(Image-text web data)
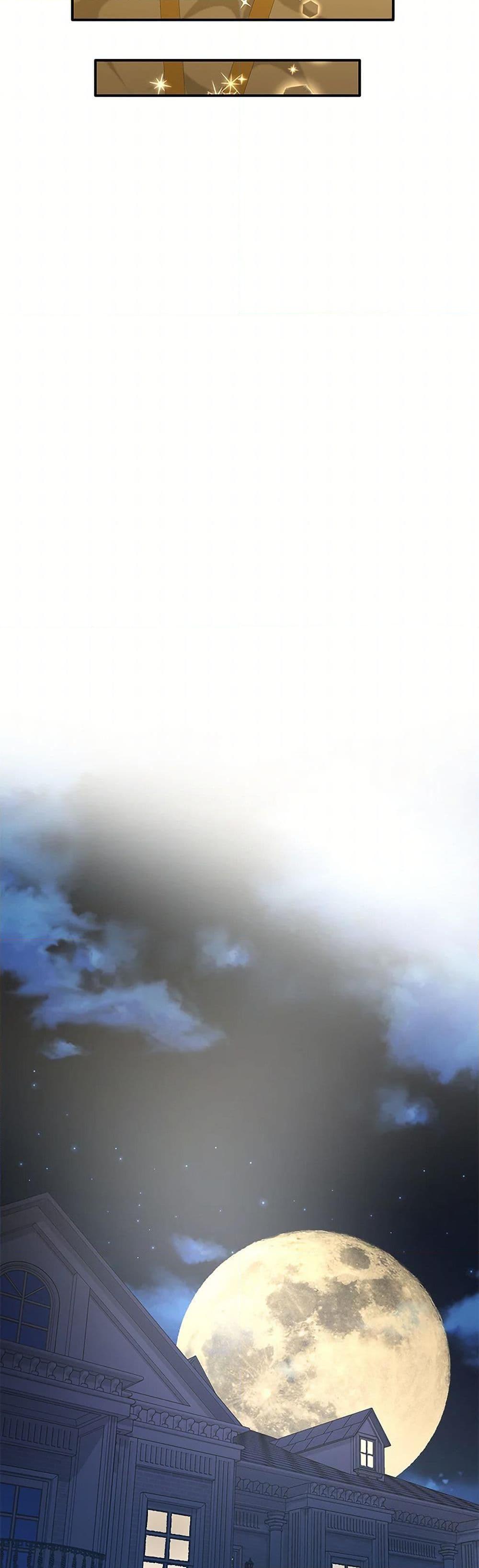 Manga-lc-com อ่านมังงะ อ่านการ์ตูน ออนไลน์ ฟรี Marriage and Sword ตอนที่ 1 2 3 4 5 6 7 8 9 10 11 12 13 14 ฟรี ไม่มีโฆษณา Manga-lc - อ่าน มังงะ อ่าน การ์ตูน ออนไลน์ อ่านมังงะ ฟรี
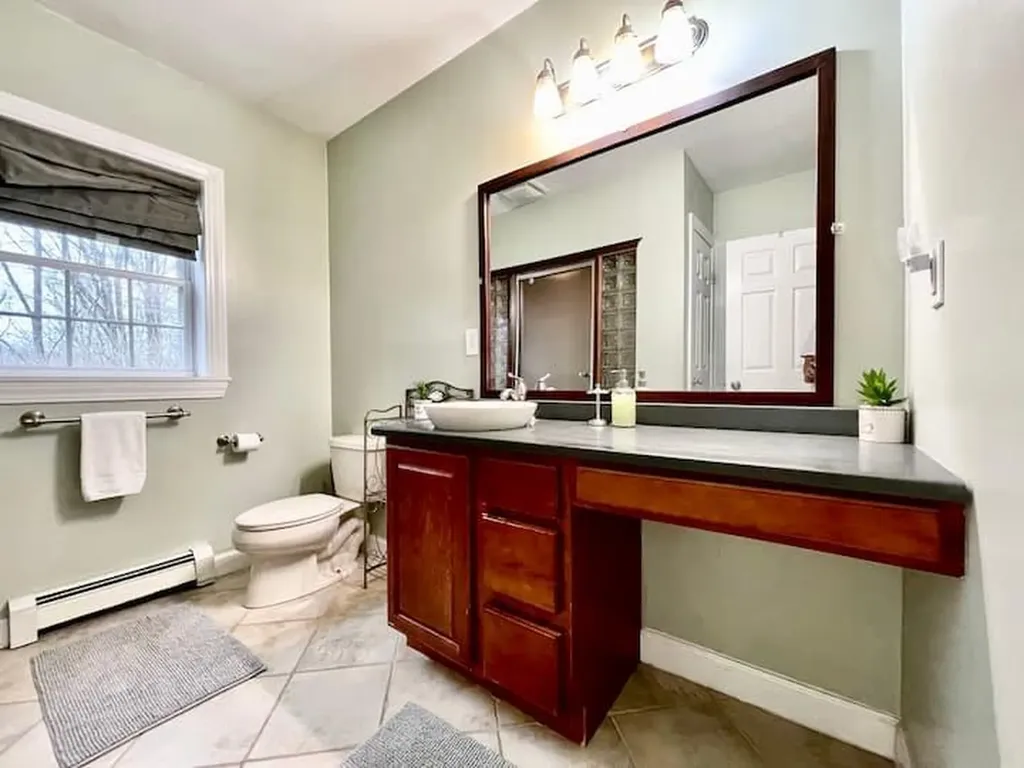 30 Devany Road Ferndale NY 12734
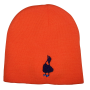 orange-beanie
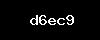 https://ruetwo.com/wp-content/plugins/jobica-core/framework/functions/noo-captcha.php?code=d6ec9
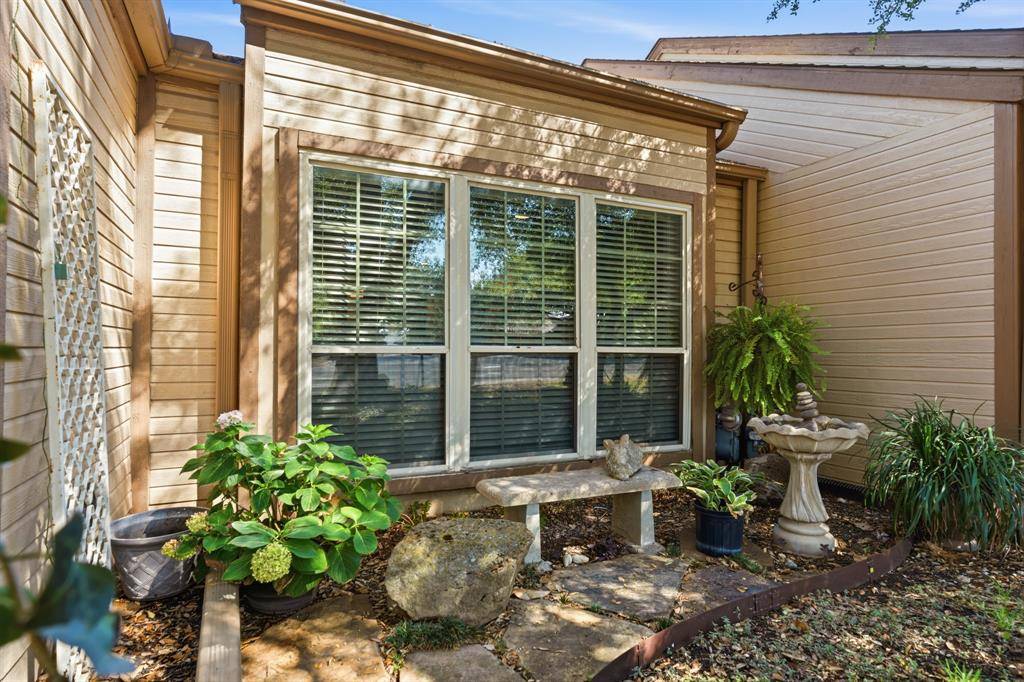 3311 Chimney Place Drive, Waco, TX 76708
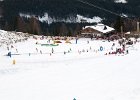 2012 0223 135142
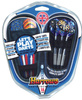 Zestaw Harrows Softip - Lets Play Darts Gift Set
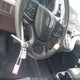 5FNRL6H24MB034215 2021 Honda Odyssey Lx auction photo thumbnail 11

...

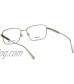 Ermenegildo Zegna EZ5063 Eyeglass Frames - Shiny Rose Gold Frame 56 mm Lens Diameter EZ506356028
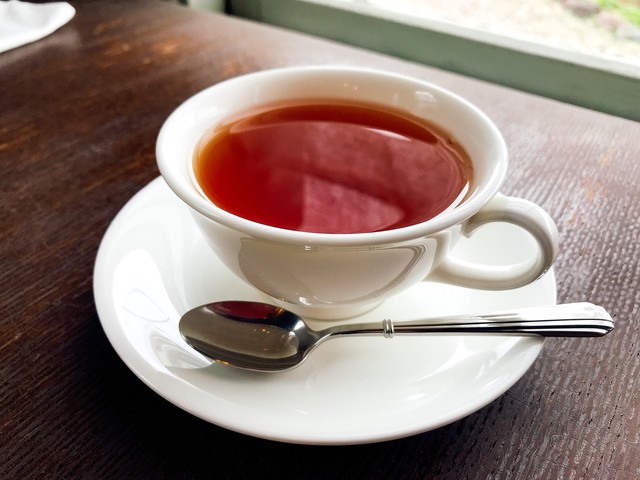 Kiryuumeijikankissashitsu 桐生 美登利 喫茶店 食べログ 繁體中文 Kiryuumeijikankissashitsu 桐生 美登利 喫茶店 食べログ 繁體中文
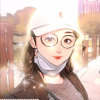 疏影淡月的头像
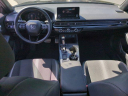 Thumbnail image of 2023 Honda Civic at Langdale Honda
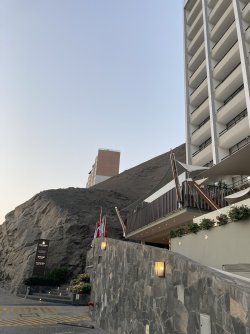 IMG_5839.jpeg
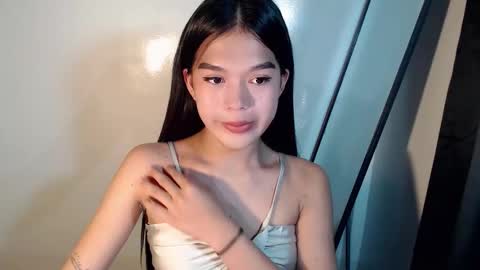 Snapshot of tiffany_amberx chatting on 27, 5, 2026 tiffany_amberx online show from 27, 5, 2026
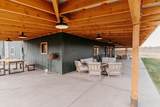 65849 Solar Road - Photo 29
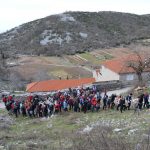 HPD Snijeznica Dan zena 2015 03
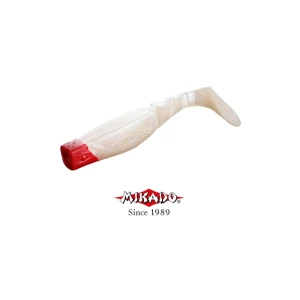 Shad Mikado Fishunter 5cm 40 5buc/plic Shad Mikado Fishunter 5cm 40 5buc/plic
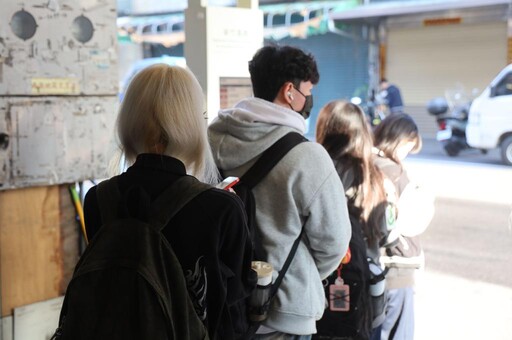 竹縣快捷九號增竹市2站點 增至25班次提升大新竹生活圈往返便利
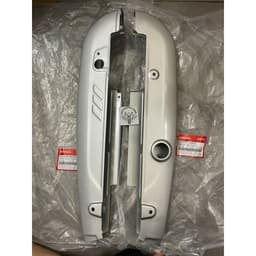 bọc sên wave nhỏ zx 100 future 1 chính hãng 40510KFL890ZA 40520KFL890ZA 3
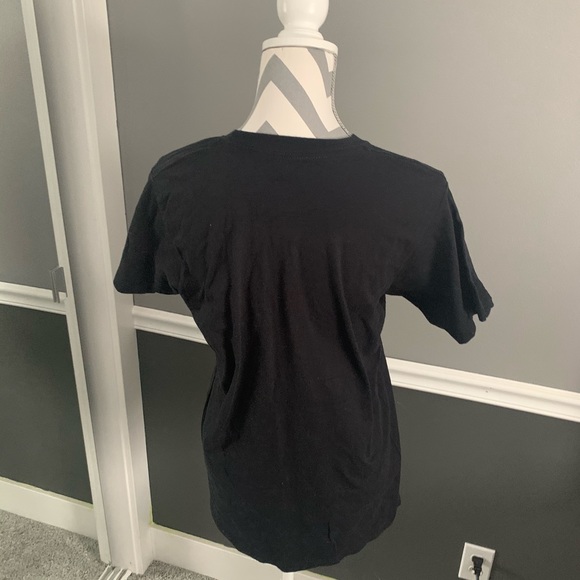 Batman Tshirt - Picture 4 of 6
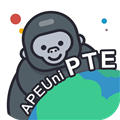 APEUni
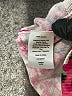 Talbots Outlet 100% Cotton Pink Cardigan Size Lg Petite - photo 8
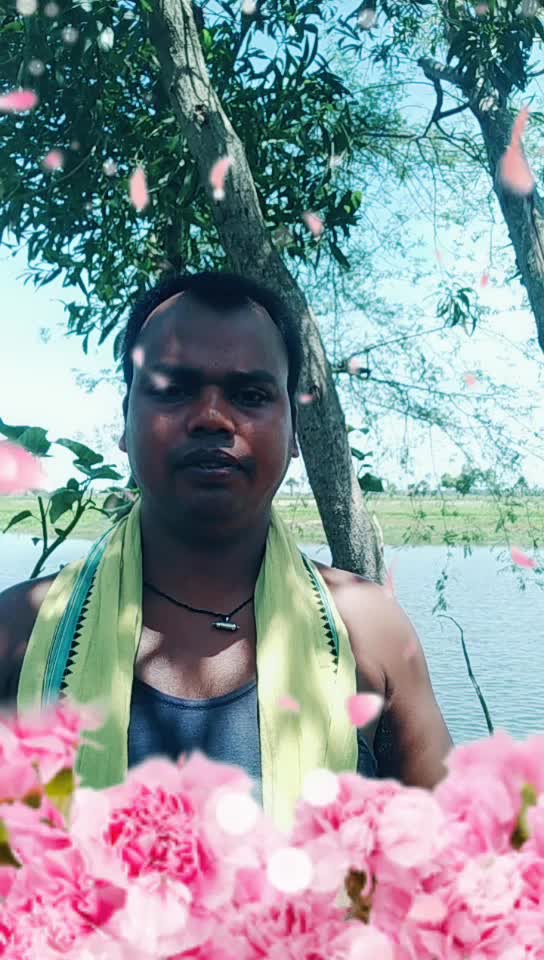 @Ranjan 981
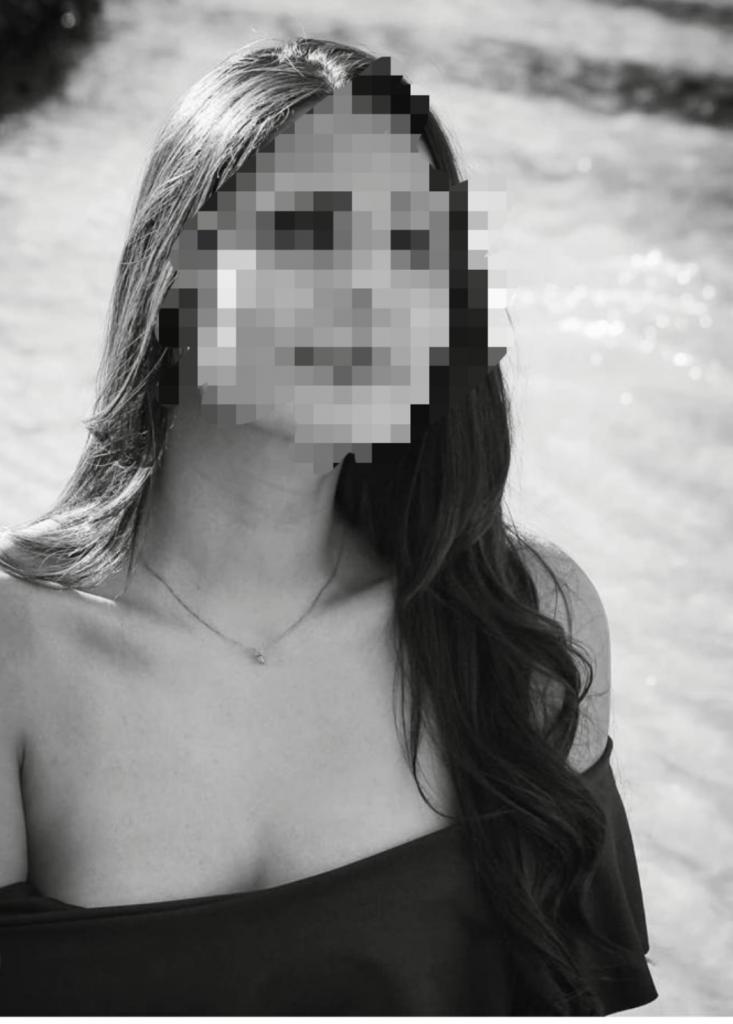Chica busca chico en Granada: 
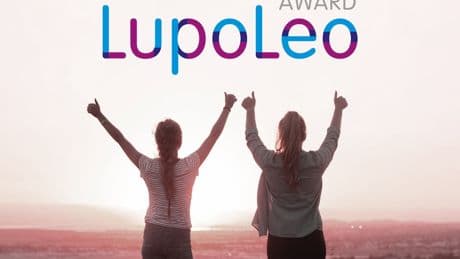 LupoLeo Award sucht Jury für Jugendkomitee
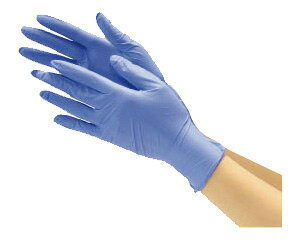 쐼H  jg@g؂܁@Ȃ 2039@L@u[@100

---

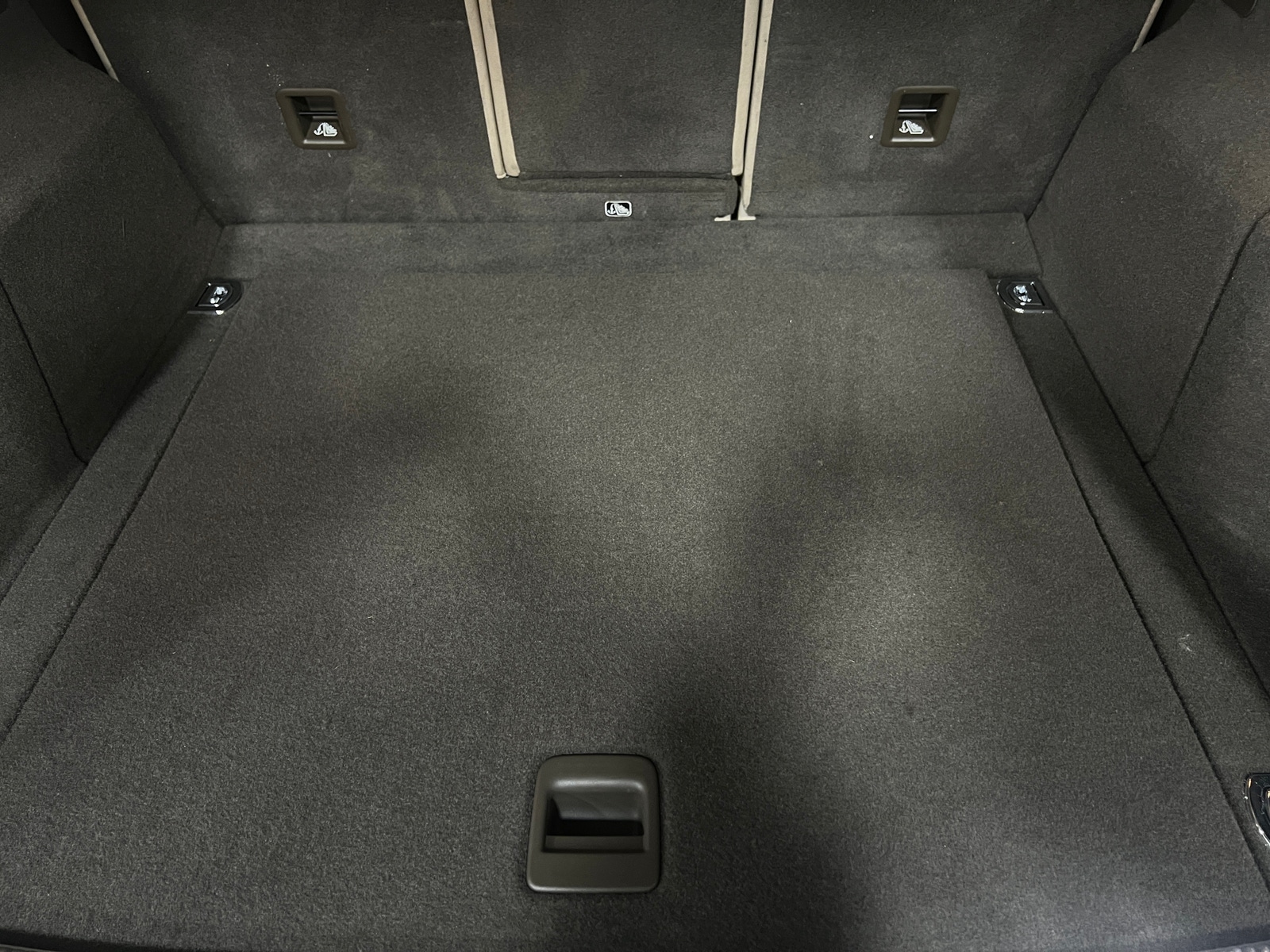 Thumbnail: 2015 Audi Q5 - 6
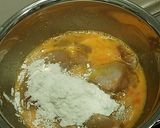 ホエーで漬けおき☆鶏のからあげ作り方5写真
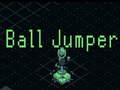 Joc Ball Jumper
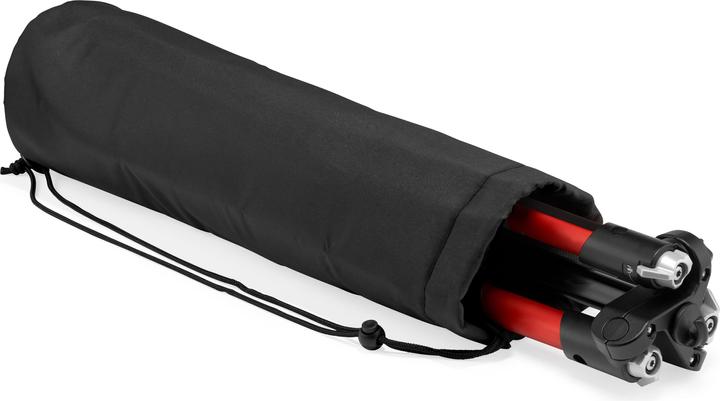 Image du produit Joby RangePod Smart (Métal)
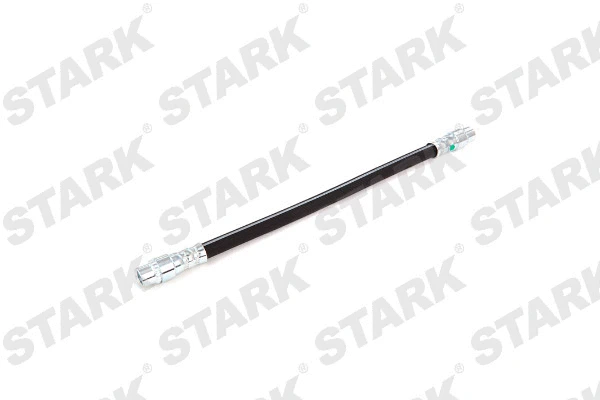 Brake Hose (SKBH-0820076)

**What to do:** Your answer must be the lines above from the one holding "Joc Ball Jumper" up to and including the one holding "Brake Hose (SKBH-0820076)", exact and with no pictures.

**Solution to this problem:**
 Joc Ball Jumper
 Image du produit Joby RangePod Smart (Métal)
 Brake Hose (SKBH-0820076)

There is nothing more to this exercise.